## Work instructions
The lines of the records that include "pour" should all be copied.

## Exercise materials
========================================

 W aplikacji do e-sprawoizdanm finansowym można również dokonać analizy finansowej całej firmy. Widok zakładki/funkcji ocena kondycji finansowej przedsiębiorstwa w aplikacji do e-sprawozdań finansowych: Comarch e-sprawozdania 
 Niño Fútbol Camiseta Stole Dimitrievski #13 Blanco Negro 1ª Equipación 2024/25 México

========================================

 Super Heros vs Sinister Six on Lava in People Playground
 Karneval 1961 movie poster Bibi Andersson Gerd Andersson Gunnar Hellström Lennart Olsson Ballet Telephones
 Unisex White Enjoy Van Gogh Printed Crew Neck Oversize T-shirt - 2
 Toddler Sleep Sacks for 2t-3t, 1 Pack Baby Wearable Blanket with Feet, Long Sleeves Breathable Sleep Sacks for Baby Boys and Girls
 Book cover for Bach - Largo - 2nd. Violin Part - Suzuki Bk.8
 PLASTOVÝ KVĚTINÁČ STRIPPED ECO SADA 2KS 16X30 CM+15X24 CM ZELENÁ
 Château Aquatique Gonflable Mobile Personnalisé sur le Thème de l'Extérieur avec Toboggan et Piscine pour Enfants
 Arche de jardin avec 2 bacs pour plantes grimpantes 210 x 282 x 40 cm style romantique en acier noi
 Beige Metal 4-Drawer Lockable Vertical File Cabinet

========================================

## Written response
 Château Aquatique Gonflable Mobile Personnalisé sur le Thème de l'Extérieur avec Toboggan et Piscine pour Enfants
 Arche de jardin avec 2 bacs pour plantes grimpantes 210 x 282 x 40 cm style romantique en acier noi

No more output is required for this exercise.